Migrating package.json for a CommonJS package

Examples in this chapter can be found here.

The "type" field

When migrating a CommonJS package to ESM, there are two options to inform Node.js that the JavaScript files should be treated as ESM:

  • Use the .mjs file extension for ESM files.
  • Set the "type" field in package.json to "module".

For example, a CommonJS package might look like this before migration:

my-logger/
├── index.js       // Contains CommonJS code
├── utils.js       // Contains CommonJS code
└── package.json   // Either contains "type": "commonjs",
                   // or does not have "type" field and relies on the "commonjs" default

After migrating some or all files to ESM, the migrated files can be renamed to use the .mjs extension. If the package.json continues to have "type": "commonjs" or leaves the "type" field absent, Node.js will still treat any remaining .js files as CommonJS modules.

my-logger/
├── index.mjs     // Migrated to ESM
├── utils.js      // Still CommonJS, pending migration
└── package.json  // Either contains "type": "commonjs",
                  // or does not have "type" field and relies on the "commonjs" default

Alternatively, to keep using the .js extension after migrating to ESM, set the "type" field in package.json to "module". This tells Node.js to treat all .js files in the package as ESM. See the type field for more details.

my-logger/
├── index.js      // Migrated to ESM
├── utils.js      // Migrated to ESM
└── package.json  // Contains "type": "module"

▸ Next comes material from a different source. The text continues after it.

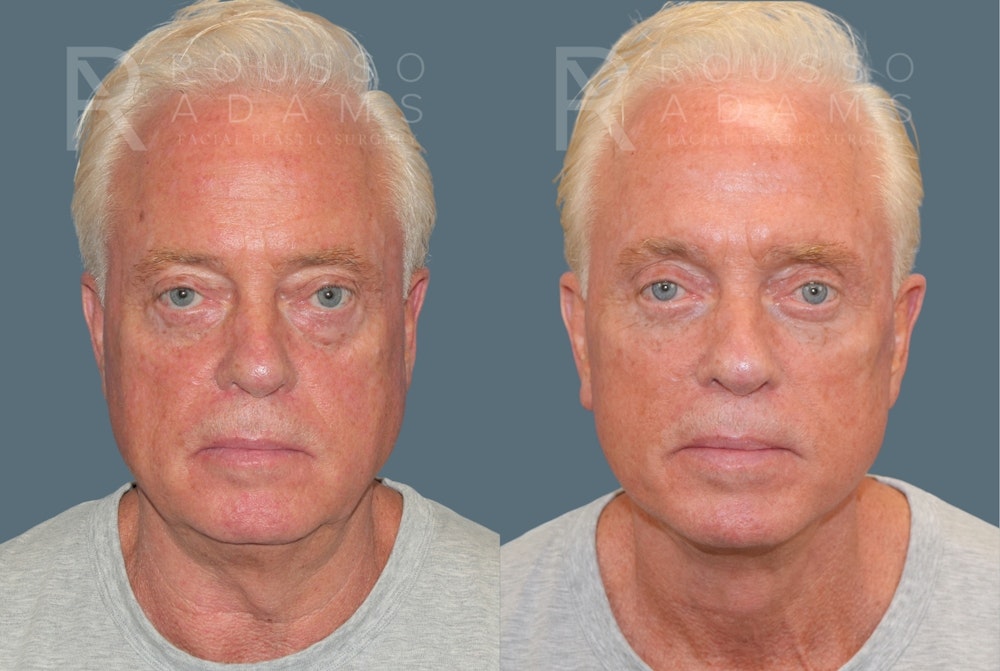 Male Facelift <span class=small>By Dr. Daniel Rousso</span> Before & After Gallery - Patient 384182 - Image 2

The "type": "module" approach allows retaining the .js extension, which can be useful when filenames cannot be changed or when files need to be consumed by tools that expect the .js extension. However, this approach incurs a performance overhead during module loading compared to using the .mjs extension, because Node.js must read the package.json to determine the module type. Choose the approach that best fits your project's needs.

The "engines" field

As mentioned in the chapter about shipping ESM for CommonJS consumers, when a CommonJS package is migrated to ESM, consider updating the "engines" field to limit installs to Node.js versions that support require(esm). Many packages bump the major version when dropping older Node.js support too. For example:

{
  "name": "my-logger",
  "version": "2.0.0",  // bumped from 1.x to 2.0.0
  "type": "module",  // switched to ESM in .js files
  "exports": {
    ".": "./index.js",
    "./package.json": "./package.json"
  },
  "engines": {
    // Requires Node.js versions with require(esm) support
    "node": "^20.19.0 || >=22.12.0"
  }
}

This practice is optional but it's a common pattern.